Black Death is one of those rare films that proves a director doesn't necessarily have to lose his edge in order to mature. Largely absent is the gruesome irreverence that gave Smith's early films Creep and Severance a slightly whimsical air, though the climax of Black Death does make a point of forcing viewers to reassess the more fantastical aspects of the story à la Triangle. Nonetheless, screenwriter Poloni's dexterity in contrasting Christianity against paganism through intense character conflict lends this film a graver, more somber tone. Sebastian Edschmid's handheld cinematography offers the film an eerie, dark intimacy as well. Perhaps the most intriguing aspect of Black Death is the approach that Poloni takes in exploring the clash between two opposing belief systems; by making it difficult to surmise where the screenwriter's sympathies fall, he challenges the viewer to meditate on the way that religion in general is used to control and manipulate, rather than leveling his aim at any one faith in particular. In the end, it's difficult to surmise whether it's the Christians' unbending allegiance to the church or the villagers' unwavering loyalty to Langiva that truly has the most damaging effect -- or even whether everyone was doomed from the very beginning regardless of the faith they had chosen to embrace.

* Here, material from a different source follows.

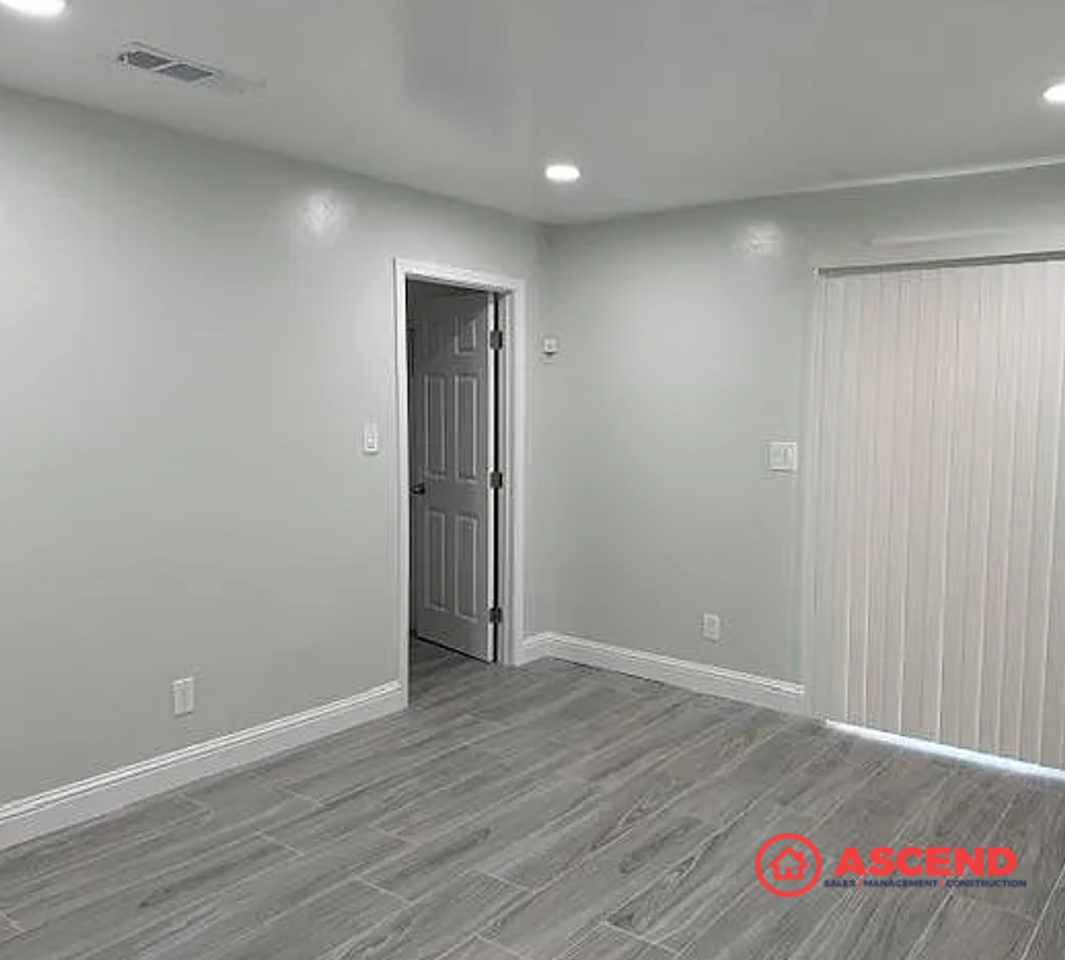 412 Cale Ct - Photo 6 of 13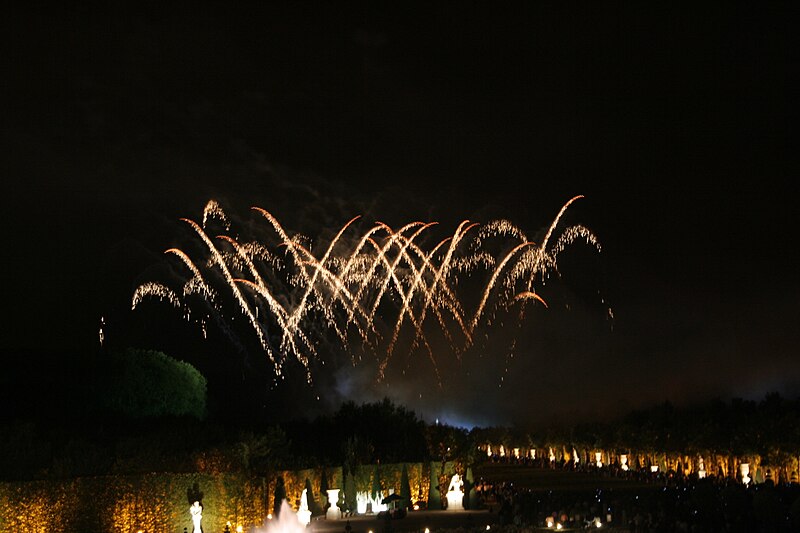 File:Versailles-Été 2010─Les grandes eaux nocturnes─70.jpg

In addition to displaying a knack for the thoughtful handling of challenging subject matter, Poloni manages to effectively keep us involved in the story by creating a wide variety of compelling characters, each of whom is acted to near perfection by an incredibly talented cast. Bean's eyes burn with such intensity that it's clear his bishop's envoy truly believes he is doing the Lord's work -- no matter how dirty the job can get at times. In contrast, emerging actor Redmayne, as the young monk venturing out of the monastery for the first time, displays a curiosity that hints his faith could be compromised despite an early pledge that he will never stray from God's grace. Underappreciated actor John Lynch serves as an effective stand-in for the audience thanks to a subtle, sympathetic approach to his crusading character, while Johnny Harris lends Black Death its rare moments of levity as the one Christian warrior who genuinely seems to relish his work. Screen veteran Tim McInnerny, who previously worked with Smith in Severance, draws the simmering menace of the outwardly genial Hob to the surface in a manner that gives the film's climax an unholy punch, and van Houten imbues Langiva with the seductive air of a diabolically enchanting temptress.

Although it's somewhat difficult to fully embrace such a relentlessly desolate film with such an unapologetically ominous ending, Black Death ultimately transcends the darkness that threatens to overwhelm it thanks to strong storytelling, solid direction, and convincing performances. The more films that Christopher Smith makes, the more apparent it becomes that -- should he not remain one of the horror genre's best-kept secrets -- he may truly emerge as one of his generation's most gifted, versatile filmmakers.